Germany turned out to be the most vulnerable to the reduction of Russian gas supplies. The local industry has been using cheap Russian-made energy for many years, demonstrating high rates of economic growth, but now the country is forced to reap the benefits of weak supply diversification. The energy crisis for the first time in 20 years has driven inflation in the country to double digits. The authorities expect to curb its growth by limiting energy prices.
The government has previously allocated €300 billion to fight the energy crisis. These amounts are comparable to the overall government borrowing plan for 2022 set at €450bn, of which €140bn was new net borrowing in external markets. Now, Germany's "energy credits" will be added to these expenses. Nevertheless, experts doubt the effectiveness of the measures taken.

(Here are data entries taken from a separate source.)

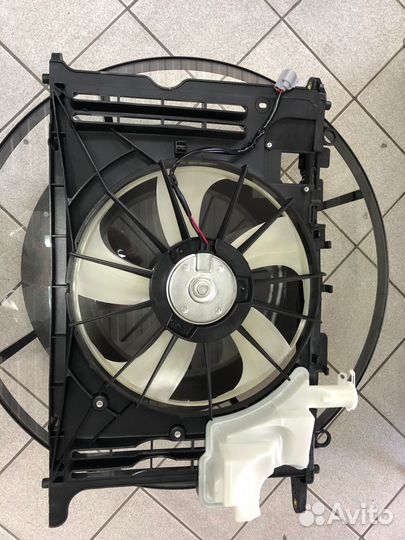 Вентилятор охлаждения Toyota Corolla (13- E160)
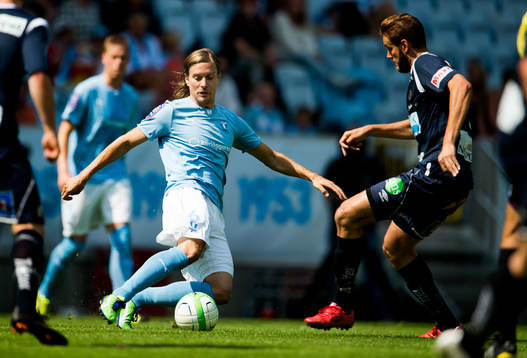 Malmö FFs Markus Halsti och Gefles Mikael Dahlberg i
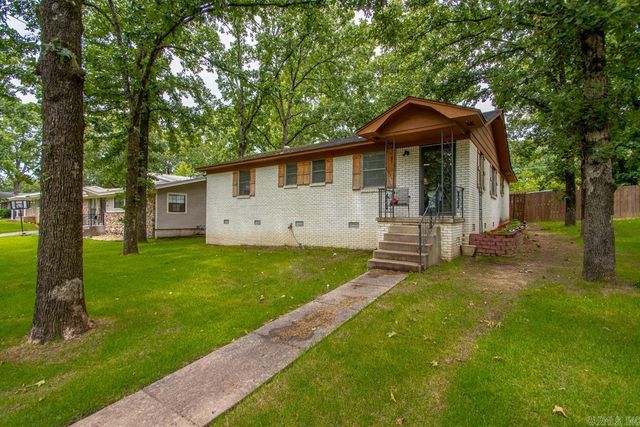 8909 Holiday Dr, Sherwood, AR 72120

Lion Hirt, a professor of energy policy at Berlin's Herty School, is convinced that artificial price caps are "absolutely the wrong approach" and will only lead to fuel shortages. He believes that under such conditions, the industry will not take any measures to reduce consumption, and energy reserves will run out faster than the federal government believes.
The German economy has been hardest hit by the energy crisis unfolding in Europe amid cuts in Russian gas supplies. Many enterprises reduce production, transfer it to other jurisdictions and save on energy in every possible way. Experts warn of a possible de-industrialization of Germany due to difficulties in providing energy.